With the gumbo and stews, recipes of which are to be given in this book, rice is a necessary part of the meal.
In New Orleans and southern Louisiana, a housewiife would not think of leaving rice off her dinner menu.
It is always served with meat dishes, and the delicious Creole dinner, red beans and rice, is very popular as a luncheon dish.

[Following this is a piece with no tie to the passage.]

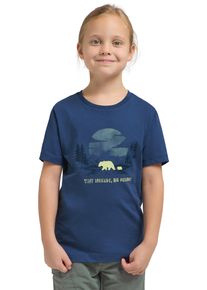 Jack Wolfskin Kinder T-Shirt "GRAPHIC COTTON T KIDS"print evenin, sportlich, Gr. 140, Obermaterial: 100% Baumwolle, Shirts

For a family of six take 1 1/2 cps rice, and 3 pints water, and 1 tsp salt. Wash the rice in a little water, pour it off and put the rice
in a pot with the salt and water, and set on a low flame, so that it would take about 15 minutes to come to a boil, then take up a grain
and chew it. If there is a little hard spot left in the middle of then grain, the rice is not done. Continue to taste every minute or two
and as soon as the grain is well done all the way through, take off the fire and pour off the most of the water, then draw on and pour off
the rice in two pots of cold water, pour rice into a collander, and set over a tall pot in which there are a few inches of slowly boiling
water, and allow to steam for a half hour or less if necessary. Never steam rice in a low pot. If the water during the steaming process
touches the rice, the rice will be soggy and not fit to eat. This method of cooking requires but a few minutes care, and never fails to give
you a delicious dish of rice with every grain separate.The old Creole method of cooking rice, which I shall not give here, is only a success
on a wood stove, in a thick iron pot. When cooked on the intense heat of a gas stove it is more apt to scorch.